The trouble with publishers (Part 2: Let’s talk self-publishing)

The book I sold to a 'traditional' publisher after publishing the first edition myself. They did give it a new cover - which I designed for them .

Lots of places define self-publishing as publishing projects that authors pay for themselves.  I’m going to dispute that definition and see if we can’t come up with a better understanding of the varieties of models available today.  My own backstory in publishing obviously informs my personal perspective – but stay with me and see if you don’t agree.

My foray into vanity publishing, a model of self-publishing whose very name is a pejorative, gave me a first glance at what it means to be completely in charge of your publishing venture, but more than that, it taught me what it means to be the only one who takes risks in the process – financial or otherwise.
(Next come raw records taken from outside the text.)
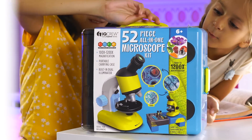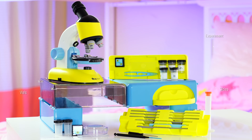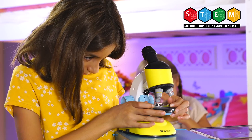This comprehensive kit includes tools, vials, prepared slides, ready-made experiments, and much more. Everything kids need for hours of enriching fun, all neatly packed in a durable carrying case that doubles as a mobile lab table for maximum portability.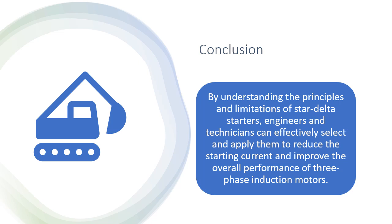Conclusion — by understanding the principles and limitations of Star Delta Starters, engineers and technicians can effectively select and apply them to reduce the starting current and improve the overall performance of three-phase induction motors.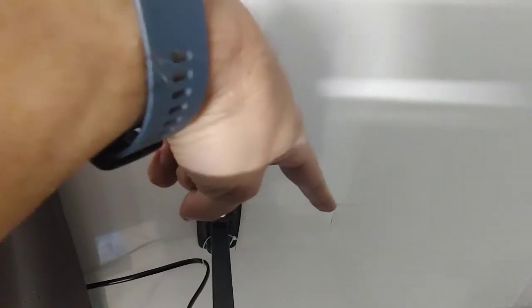Let me show you how this works. I mounted it on that stud right there, which runs right down through there, and offset it. That little piece of tape I put there just so the hinge, when it comes against the wall, won't scratch the wall. No one will ever see that because it'll be behind the TV anyway.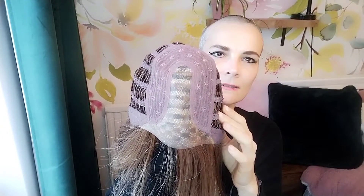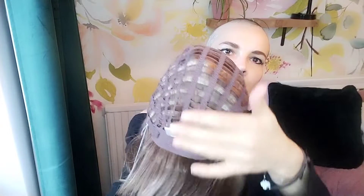Just so you are aware, let's look at the cap construction. We have a center mono part, we have a lace front that runs into the ear tabs, we have velvet-covered ear tabs, an extended nape, and then we have wefts on the sides and back.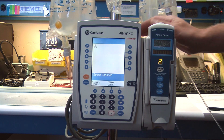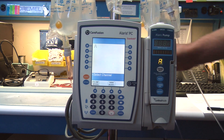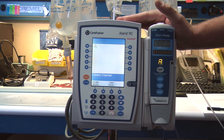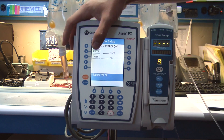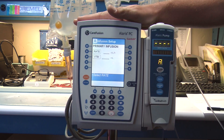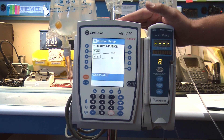You can mount it to the pole clamps very easily, and to start your patient infusion on this pump is very simple. You just select the channel and then from your main menu here you can choose your rate and volume to be infused. And if you have a custom drug library set up on your PCU for your hospital, you're able to access that very easily and make any drug calculations that you need.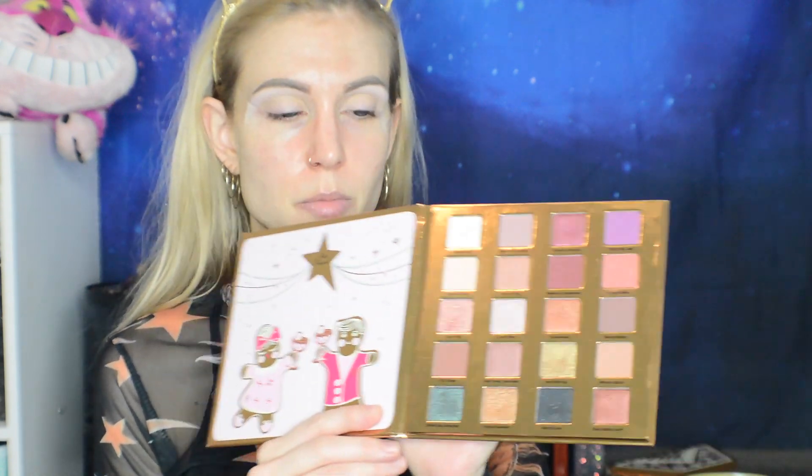I'm using some Revlon Candid Photo Ready Powder to set the tint so we can go in with powders. We'll grab the bronzer first and attempt a little bronzing. One thing I really like about skin tints is I don't feel like I need to contour with them — it would be overkill for something that looks so natural. The blush is very cool-toned, so we're going to try it.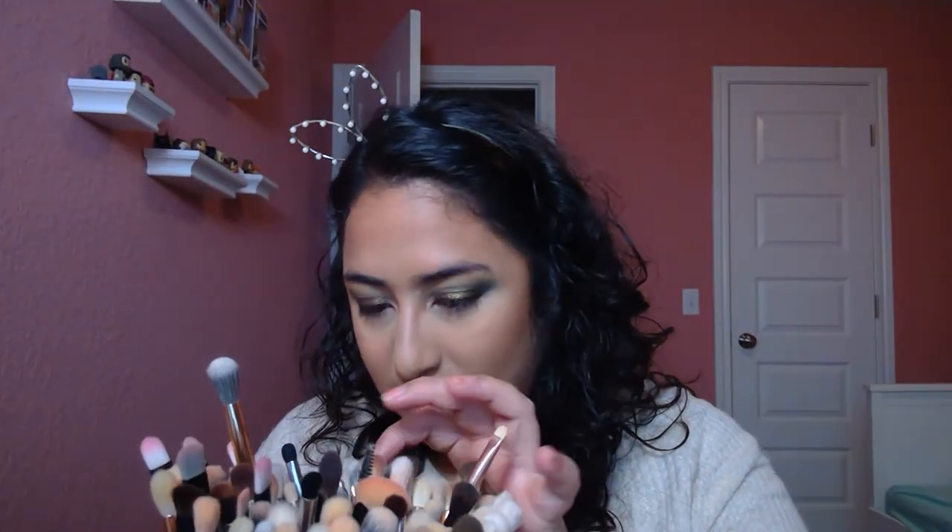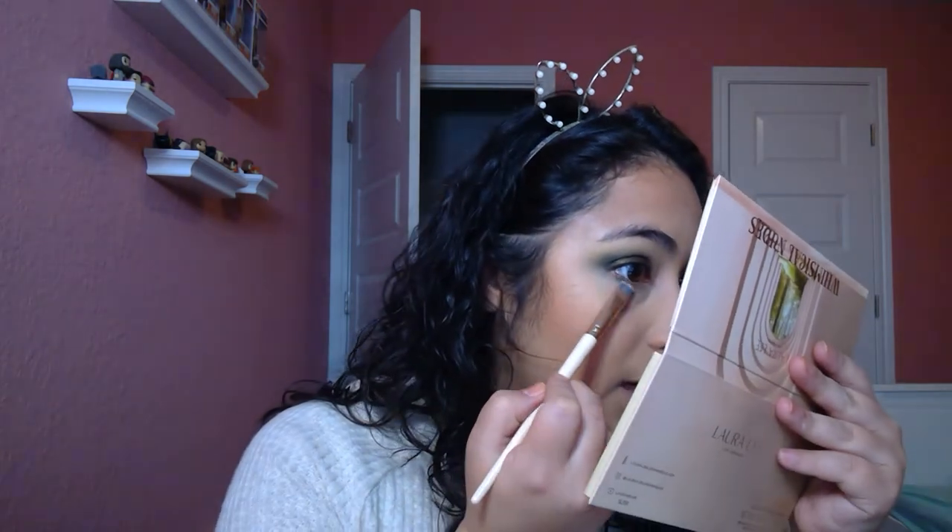I'm confused why I started with bronzer before finishing my eyeshadow. I'm going to grab a different brush to do my under eye. I'm just going to grab that Winter Fern shade — the olive green — and blend it right here at the bottom.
What exactly is self-publishing?

Let’s consider some of the definitions I’ve found online:

Wikipedia (arguably an authority on online self-publishing) defines self-publishing as “the publication of any book or other media by the author of the work without involvement of an established third-party publisher.  The author is responsible and in control of the entire process…”[1]   Clearly the basis of this definition sits firmly on the absence of an established third-party publisher which naturally begs the question of what precisely is an established third-party publisher?  Does this mean it is not self-published if your friend says, “I’ll publish your book if you pay, and you can have complete control”?  Third-party, perhaps but established?  So, then what does it mean to be “established”?  Does that mean if you or I open a new publishing house we are a party to self-publishing because we haven’t been around long?  Or are we all right if we’re incorporated?  So many questions, so much vagueness.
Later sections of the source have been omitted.